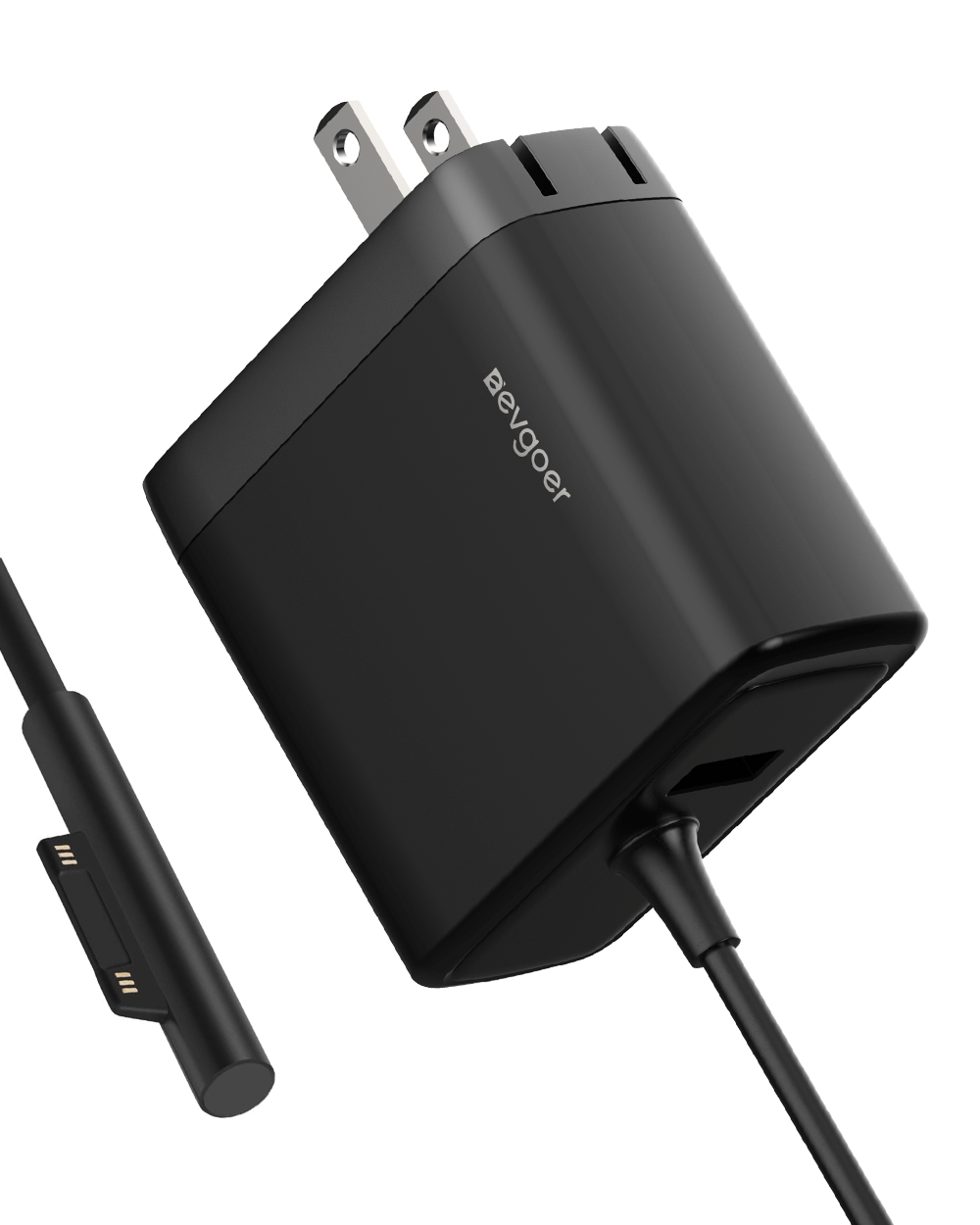 Evgoer Surface Charger 65W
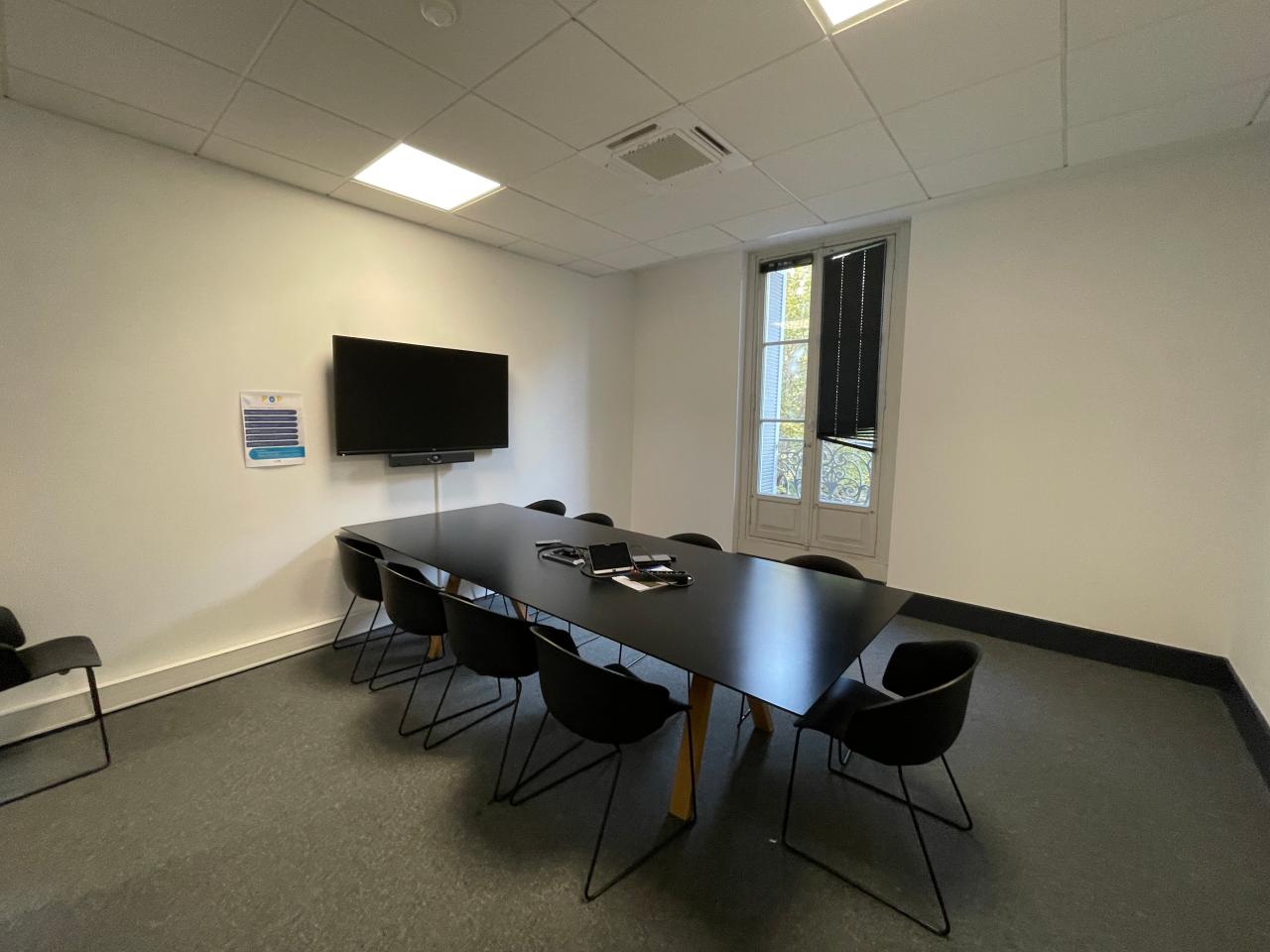 Location bureau Marseille Bouches-du-Rhône OLBUR2645353 3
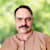 Rao Tanveer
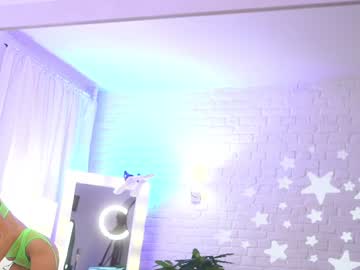 Nude cam girl eva_fashionista image #4716084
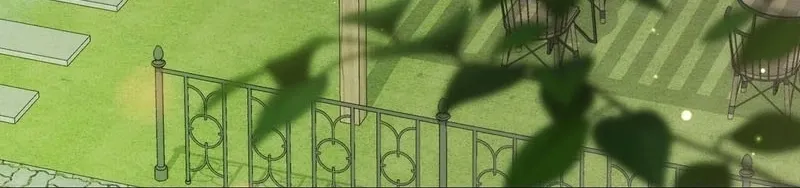 National Route 1 Chapter 25 - page 63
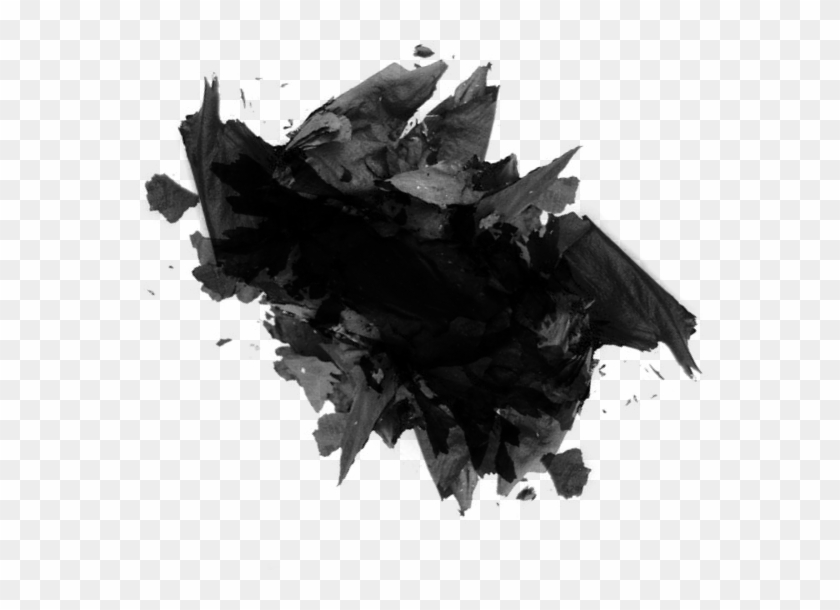 1 - Monochrome Clipart #1136634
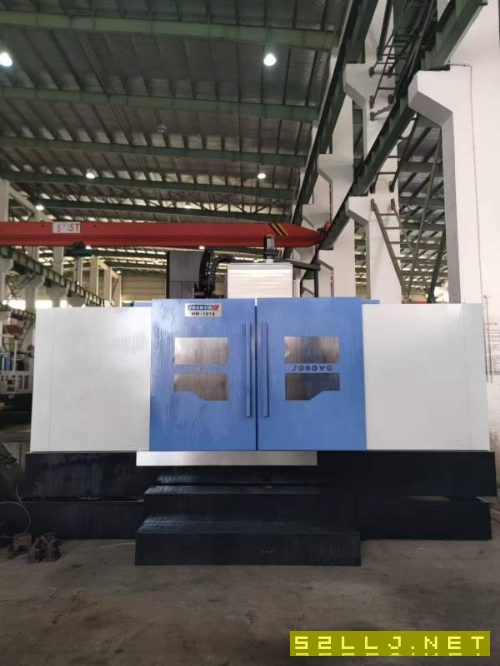 基本全新未用,2025年斯可源1814粗框机两线一硬,机器.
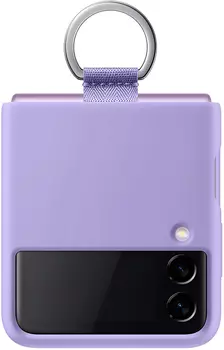 Чехол Samsung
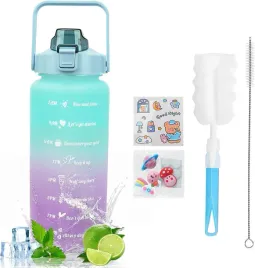 butelka-sportowa-2l-ze-slomka-bpa-free-szczelna-rower-silownia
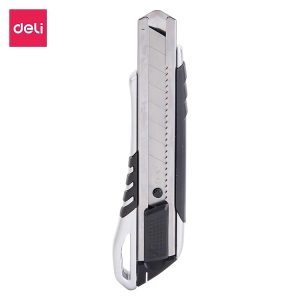dao rọc giấy Deli 2057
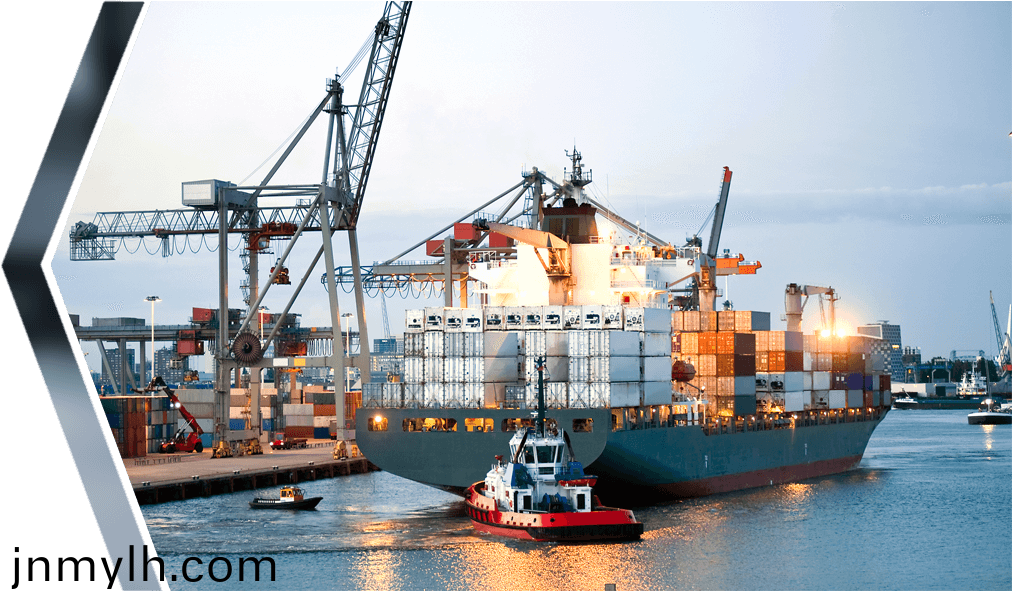 加工(gong)母(mu)機(jī)(ji)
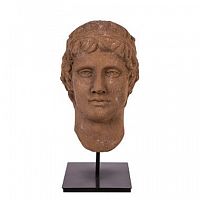 скульптура roman head в Подольске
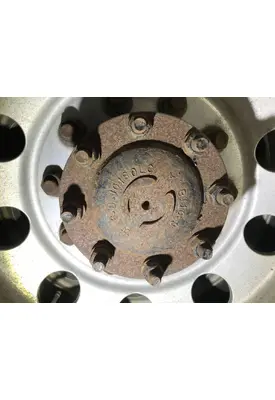 Meritor 3202U9043 Axle Shaft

**Exercise instructions:**
You need to copy every entry exactly, taking out only the pictures.

**Your solution:**
 Evgoer Surface Charger 65W
 Location bureau Marseille Bouches-du-Rhône OLBUR2645353 3
 Rao Tanveer
 Nude cam girl eva_fashionista image #4716084
 National Route 1 Chapter 25 - page 63
 1 - Monochrome Clipart #1136634
 基本全新未用,2025年斯可源1814粗框机两线一硬,机器.
 Чехол Samsung
 butelka-sportowa-2l-ze-slomka-bpa-free-szczelna-rower-silownia
dao rọc giấy Deli 2057
 加工(gong)母(mu)機(jī)(ji)
 скульптура roman head в Подольске
 Meritor 3202U9043 Axle Shaft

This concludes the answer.